I. What You Should Expect to Pay for Home Care in Illinois

According to the Genworth Cost of Care Survey for 2021, the median cost of in-home care or home health care services in Illinois is $5,339 per month. When considering the cost of care, you should factor in the quality and level of support that you need. There are different types of in-home care available, from companion care to home health care.

In-home care usually requires no direct medical services, such as rehabilitative therapy or nursing assistance. Home health care involves one or more services that are provided by a medical practitioner, such as a nurse, doctor or certified health professional. This type of care is much more involved and may cost more as a result.

The Cost of Home Care and Home Health Care in Nearby States

When compared with neighboring states, Illinois is one of the more expensive states for in-home and home health care services. This is due to a growing senior population and elevated demand for these services. The median cost of care in neighboring states, such as Indiana, Kentucky and Missouri, is identical at $4,767 per month. Only Wisconsin is more expensive with a median cost of $5,529 per month for in-home care and $5,720 per month for home health care.

Home Care Home Health Care
Illinois $5,339 $5,339
National $4,957 $5,148
Wisconsin $5,529 $5,720
Indiana $4,767 $4,767
Kentucky $4,767 $4,767
Missouri $4,767 $4,767

The Cost of Home Care vs.
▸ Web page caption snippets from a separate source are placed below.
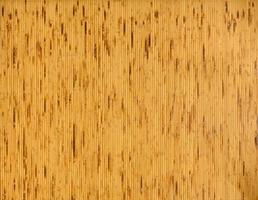 background and texture of decorative yellow bamboo wood on finishing wall surface. bamboo line making from fire burn. photo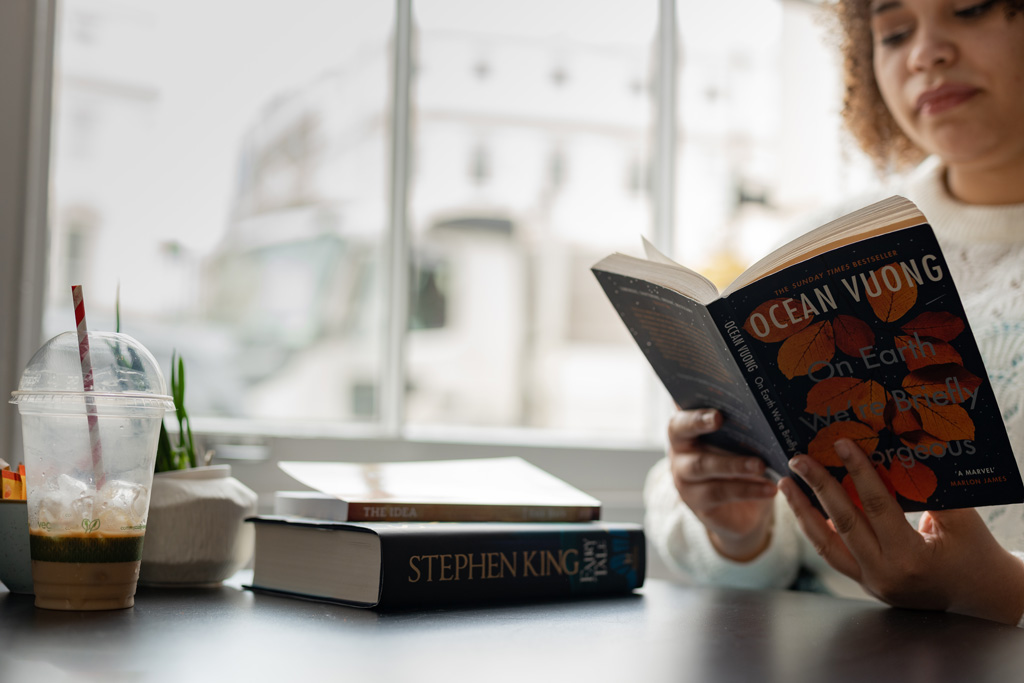 Student reading a book in a coffee shop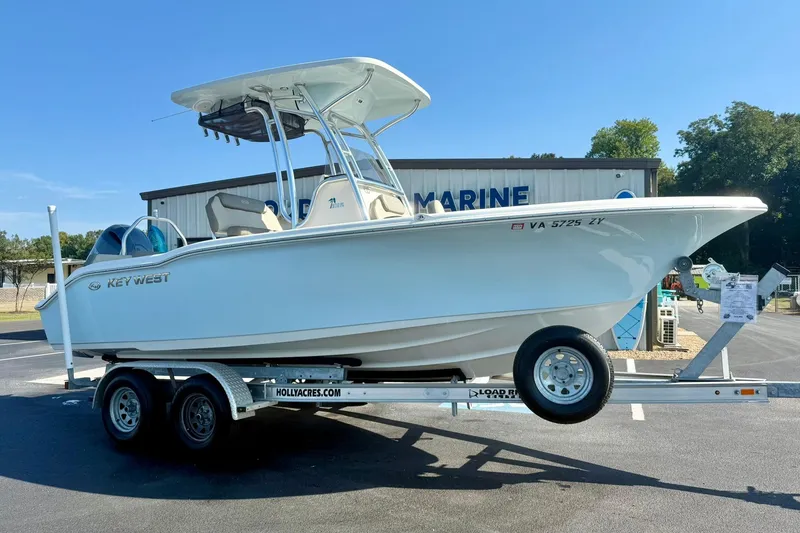 Slide: The Image of 2022 Key West 219 FS boat on trailer, parked outside marine dealership. - 6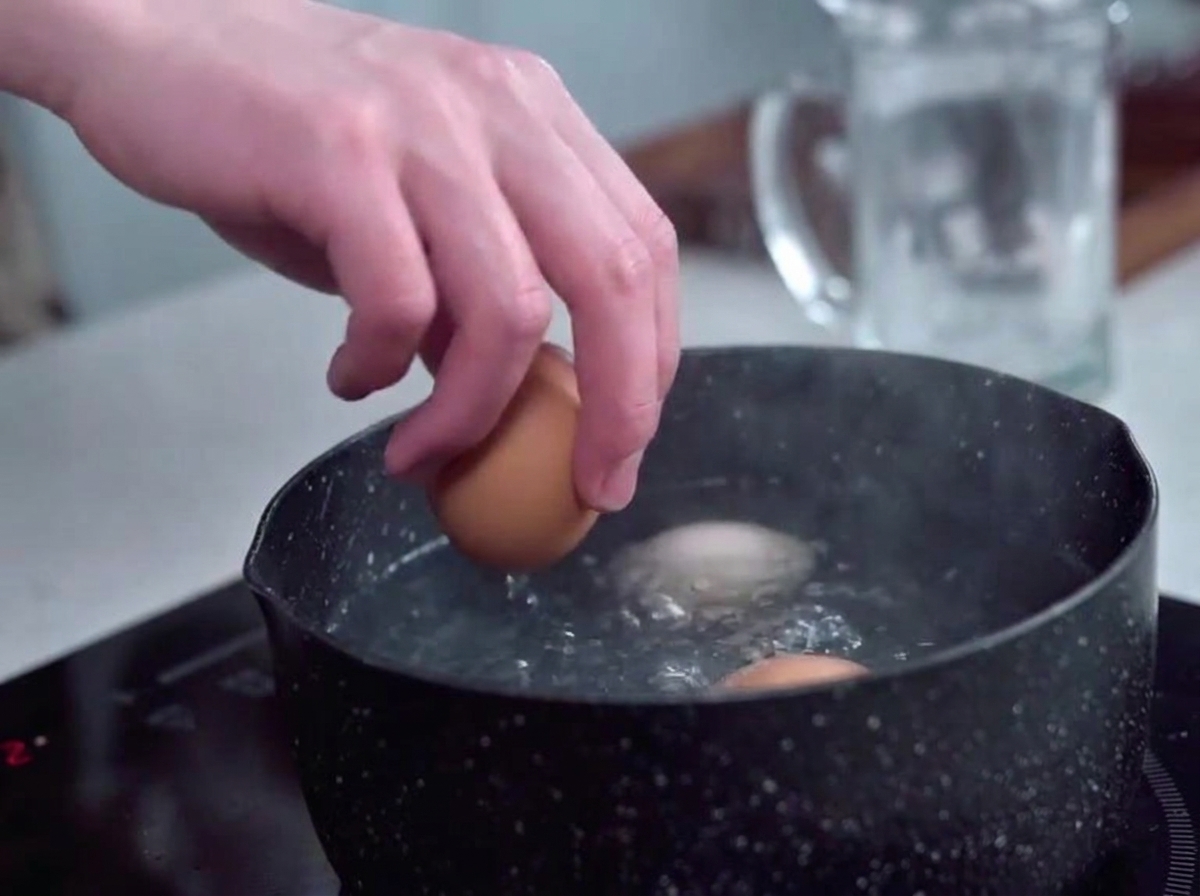 Eggs being gently placed into a pot of bubbling boiling water using a hand.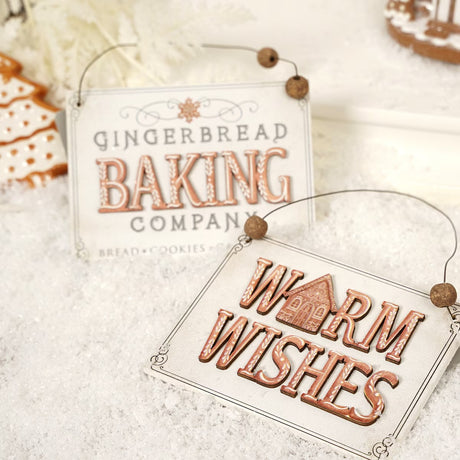 Ornament shaped like a holiday sign. One sign reads "Warm Wishes." One sign reads "Gingerbread Baking Company. Bread, Cookies, Cakes, Pies." Each sign has a dainty border and small wooden beads on the wire holder.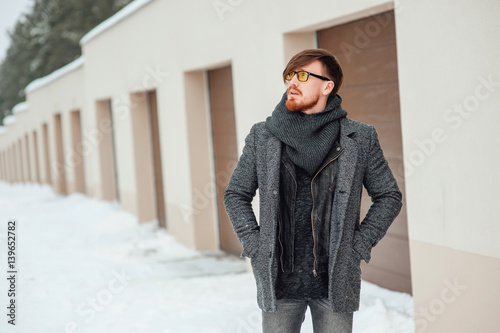 Stylish man in a coat on background of the house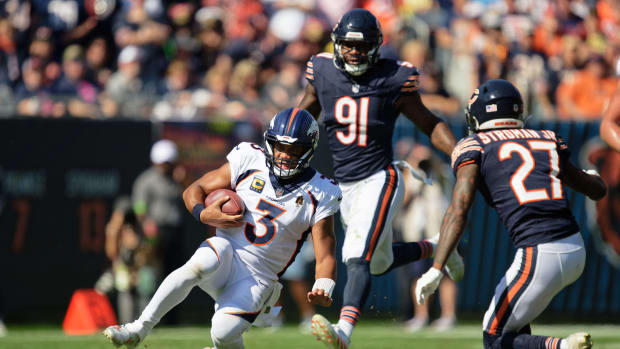 Russell Wilson slides after scrambling against the Bears in Denver's comeback win at Soldier Field last season.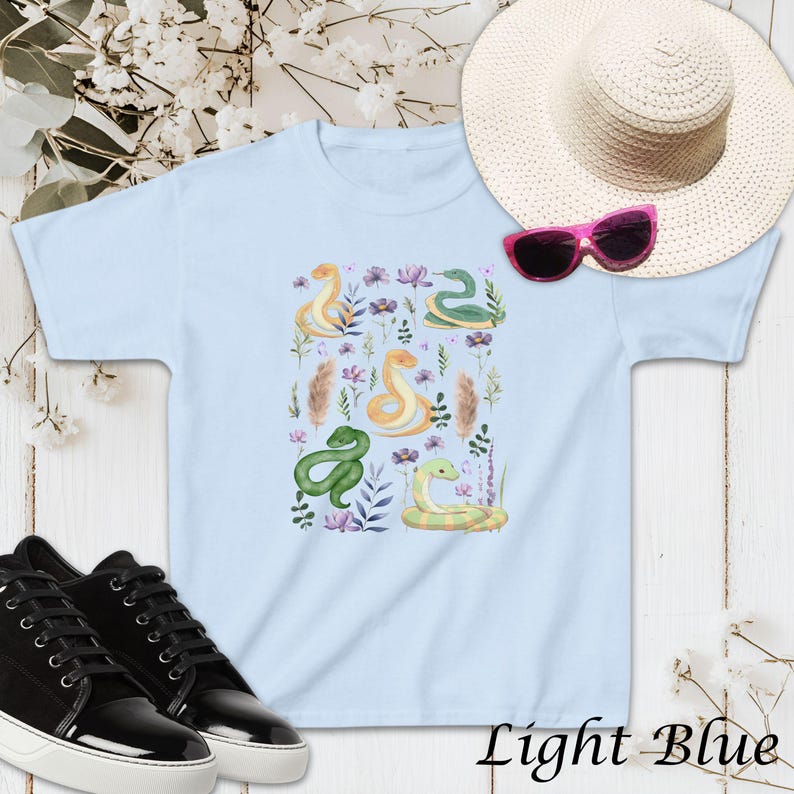 Puede incluir: Camiseta azul claro con un dise&ntilde;o de acuarela de serpientes verdes y amarillas y flores.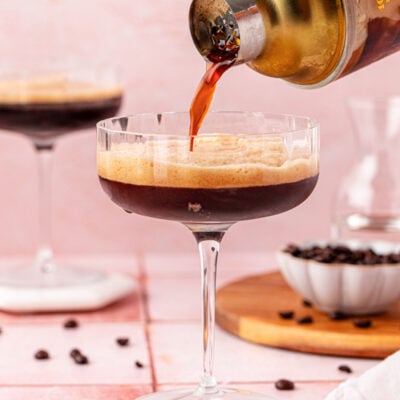 A drink shaker pouring a non alcoholic espresso martini in a coupe glass.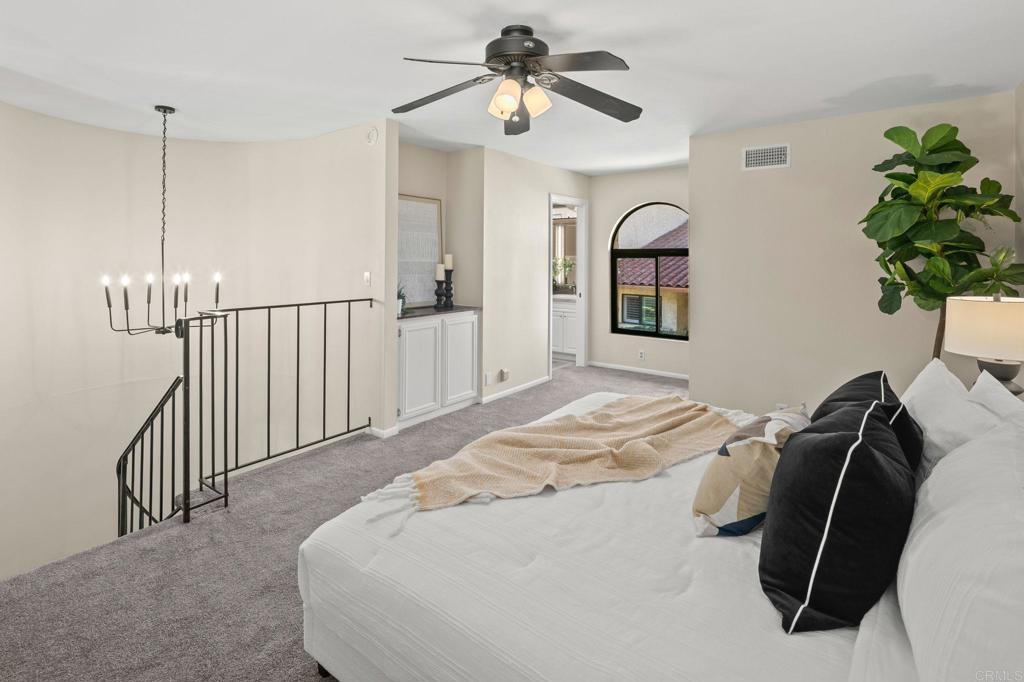 1939 Alga Road, Unit A Carlsbad, CA 92009 - Photo 11 of 32 a bedroom with a bed and a chandelier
Other Types of Care

The level and quality of care you can expect greatly influences what you’re going to pay each month. In-home care and home health services ($5,339) are generally more expensive than adult day health care ($1,885) and assisted living facilities ($4,488) but less expensive than semiprivate nursing home care ($6,266).

II. Can Medicaid Help You Pay for Home Care in Illinois?

Medicaid provides coverage for numerous medical services in Illinois, and there are waiver programs available to make home care more affordable. These waiver programs may cover the cost of specific medical services, transportation, the cost of transitioning from a nursing facility and care for people who have disabilities. If the type of care that you need isn’t covered directly by Medicaid, you might still qualify for one or more of these waivers.

Home Care Waiver Programs in Illinois

While the cost of care in Illinois is greater than the national average, the state offers waivers to help those who can’t afford the rising cost of in-home care or home health care. The Home and Community Based Services waiver program provides coverage for low-income residents in Illinois who receive care at home or in a community living facility. There are nine HCBS waivers you may qualify for and to apply, you must be a U.S. citizen or legal resident and meet the Illinois state criteria to receive Medicaid.

Supportive Living Program The Illinois Supportive Living Program covers the cost of medications, in-home care services, social and health activities and the cost of 24-hour care staff. It doesn’t cover the cost of room and board at a nursing facility however.
Persons who are Elderly This waiver is for those who may soon need to be placed in an assisted living facility but would prefer to receive in-home care or home health services. It covers adult day care, emergency response services and the cost of home nursing care. To qualify, you must be over 60 years old, a citizen or legal resident of Illinois and eligible for Medicaid.
Managed Long Term Services & Support If you’re approved for Medicaid and Medicare benefits in Illinois and opt out of the Medicare-Medicaid Alignment Initiative, you can qualify for the Managed Long Term Services and Support waiver. It provides coverage for home health care, emergency response services, transportation to and from medical facilities, adult day services and mental health.
Pathways to Community Living Adults who have been living in a nursing home for at least 90 days may be eligible for the Pathways to Community Living. Part of the Money Follows the Person initiative, this program provides care coordination and case management services and helps with the cost of transitioning to a residential setting.


How to Know if You're Eligible for Medicaid in Illinois

To qualify for Medicaid, your income must remain beneath the threshold for your family, and there’s a limit to the value of sellable assets that you may maintain. These limits vary based on your household size. In most cases, monthly income is limited to $1,133 for individuals or $1,526 per couple. Assets are capped at $2,000 or $3,000.

2022 Medicaid Income Limits for Seniors in Illinois
Income Limits* Asset Limits
Single Person $13,596 $2,000
Two-Person Household $18,312 $3,000

*Per year

You must also meet additional eligibility requirements to qualify for Medicaid.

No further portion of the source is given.